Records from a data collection
# # #
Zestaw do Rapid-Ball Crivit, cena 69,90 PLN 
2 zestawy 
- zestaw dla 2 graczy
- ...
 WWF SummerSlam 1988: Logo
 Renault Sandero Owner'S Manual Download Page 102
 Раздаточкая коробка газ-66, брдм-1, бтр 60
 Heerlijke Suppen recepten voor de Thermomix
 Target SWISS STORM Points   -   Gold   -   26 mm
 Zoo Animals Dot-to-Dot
# # #
**EXERCISE REQUIREMENTS:** All of the entries above need to be set down again exactly.

**TASK ANSWER:**
Zestaw do Rapid-Ball Crivit, cena 69,90 PLN 
2 zestawy 
- zestaw dla 2 graczy
- ...
 WWF SummerSlam 1988: Logo
 Renault Sandero Owner'S Manual Download Page 102
 Раздаточкая коробка газ-66, брдм-1, бтр 60
 Heerlijke Suppen recepten voor de Thermomix
 Target SWISS STORM Points   -   Gold   -   26 mm
 Zoo Animals Dot-to-Dot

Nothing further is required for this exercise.